In subsequent performances throughout the trumpeter’s career, he would often preface his performance of the Nigerian’s satirical Lady with a tribute: “This one’s for Fela.” They bonded at a time when both young men were leading wild lives. But what united them on a much deeper level was their shared and passionate concern for social justice and African musical authenticity.
Tony Oladipo Allen had been a young but well admired Lagos circuit musician, earning his bread as a radio engineer and working hard with his own and other pop and highlife bands until he was recruited in 1968 by Fela for his first band, Koola Lobitos https://www.youtube.com/watch?v=tbSylZ52330 , which transformed into Africa ’70 after Fela’s first US tour. He stayed with the outfit for just over a decade, making close to 40 albums including three as leader, and only quitting in 1979 after one too many disputes about Fela’s regular refusals to pay his musicians.

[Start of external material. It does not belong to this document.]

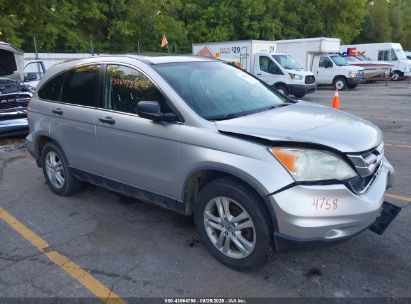 Photo HONDA cr-v ex.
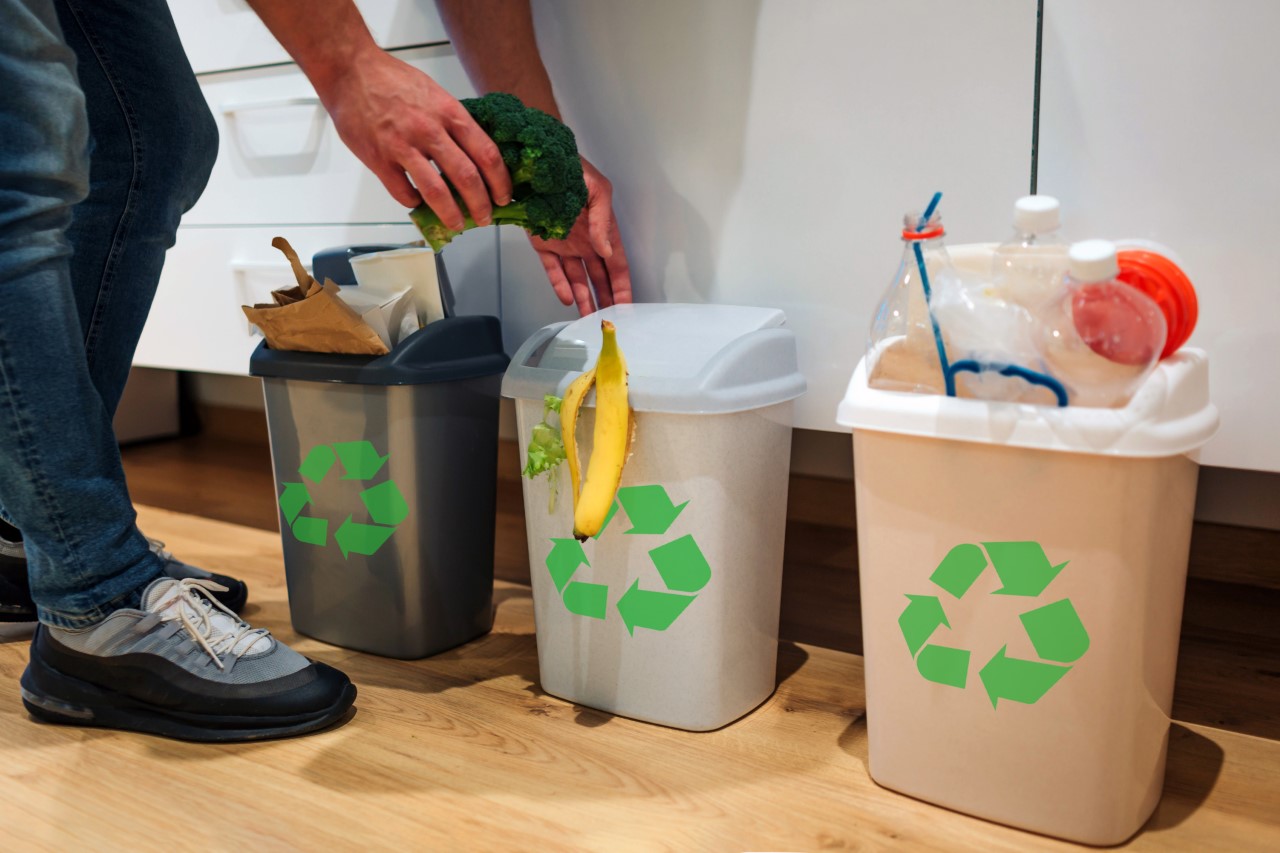 Reciclar en casa: ¡lo orgánico no es basura! - EdiPro Blog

What Fela heard in the young Tony Allen, and what made his playing unique then and now, was a combination of intricate complexity, married to an unprecedented lightness of touch.
Bassist Meshell Ndegeocello told Rolling Stone https://www.rollingstone.com/music/music-features/how-fela-kuti-drummer-tony-allen-rediscovered-his-jazz-roots-113699/ :“I was accustomed to a hard and rigid sort of drive in the drums. Hearing Tony Allen really opened my mind up to fluidity and the understanding of agility within the pulse.”
The lightness, Allen explained, was reinforced by something he’d learned in the States: practising with his sticks on pillows to reinforce the bounce. Allen is a literally polyrhythmic drummer, in that each of his four limbs contributes something different to his tapestry of sound. That comes from an earlier time when, listening avidly to his father’s juju and highlife records and to Art Blakey, Max Roach and legendary fellow-countryman Guy Warren, he realised something was missing from the run-of-the mill highlife he was hearing; something he did hear in jazz.
“Watching drummers playing in my country,” he told The Wire’s Francis Gooding https://www.thewire.co.uk/in-writing/interviews/francis-gooding-speaks-to-tony-allen , “I knew that something was wrong somewhere. Why is it that they don’t use their hi-hats? It’s there, it’s always there, but its closed, they don’t use it – well, they used it, but that thing has a pedal, you know? I felt that this thing should be like riding a bicycle – you have good legs, you have pedals, you need to put [your feet] on both pedals to make you move. You can’t start riding a bicycle with one leg, when you have two legs, and the other pedal is there.
“So, it was that, and then I had to find a way of playing my drums, playing highlife, like everybody, but – I had read this hi-hat teaching from Max Roach, and I said, yes, I know this thing is supposed to be used. So I tried to adapt it. I had to practise, to adapt this movement of the hi-hat plus what we were doing before, and that changed my movement, my way of playing, directly, you know? Every drummer in the country at that time… when I was playing in the local highlife band, they would come to watch, asking me, ‘What [are you] doing? What is that?’ Just because I had added hi-hats to the sound. It made a big difference for the other drummers, because they never did it, until I tried it.”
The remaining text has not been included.